AMD's notebook PC share climbs to an all-time high of nearly 20%

AMD's notebook PC share climbs to an all-time high of nearly 20%

Latest market share figures bear out what AMD has already told us -- that its mobile Ryzen 4000 chip is at the top of its game

Credit: Dreamstime

AMD’s share in the notebook PC market is now the highest ever, just under 20 per cent, according to new research findings.

AMD’s market share of X86 notebook PCs now stands at an all-time high of 19.9 per cent, according to the company, citing a report by analyst firm Mercury Research. Though PCWorld did not have access to the full report, Dean McCarron, the Mercury analyst who authored it, confirmed the accuracy of AMD’s statement in an email.

Though neither AMD nor Mercury cited the reasons for AMD’s strength in the notebook PC market, it’s reasonable to assume that AMD’s mobile Ryzen 4000 is the cause.

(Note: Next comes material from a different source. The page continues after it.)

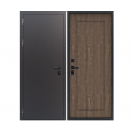 Дверь металлическая FLYDOORS Термал блэк ТЕРМО букле черный/ Орех грецкий 960*2050 Левая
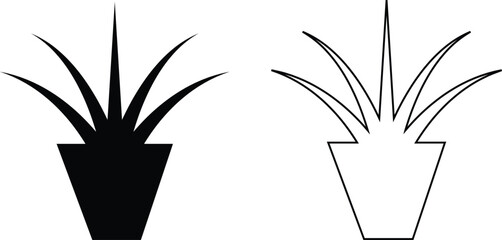 Plant and Flower Pot Icons Vector Set, Collection and Group, Botanical Potted Houseplants, Garden, Leaves, Minimal Flat Line Style, Monochrome Silhouette Graphic Bundle for Nature and Interior Design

AMD’s latest mobile chip is blowing away Intel in terms of performance. Notebook sales more than doubled during AMD’s recent quarter. AMD’s mobile Ryzen 4000 now powers 54 notebooks, and there are 30 more waiting in the wings, AMD CEO Lisa Su said.

Meanwhile, AMD’s share of the desktop X86 PC market is nearly as high, at 19.2 per cent. This is the highest share of the desktop PC market for AMD since the first quarter of 2014, when AMD was shipping desktop processors based upon the “Jaguar” architecture.

In terms of overall share in the X86 client market, (excluding IoT) AMD stands at 19.7 per cent, its highest point since the first quarter of 2012. AMD’s overall X86 share, factoring in everything, is 18.3 per cent, according to the Mercury numbers cited by AMD.

Intel’s numbers were not immediately available—though, based upon the traditional dichotomy of the PC market, any gains by AMD reflect losses by Intel. Intel’s second quarter results were excellent; it was just its outlook, and its manufacturing roadmap, that concerned Wall Street.

Intel now says that it can address the low end of the PC market in addition to the “many core” processors it initially prioritised during the quarters when it was unable to make enough chips.

“We expect our share to improve throughout the remainder of the year as we begin to recover unit share in notebooks utilising our smaller core products which we have not been able to fully serve given the strength of demand for our large-core products,” Intel CFO George Davis said during the call.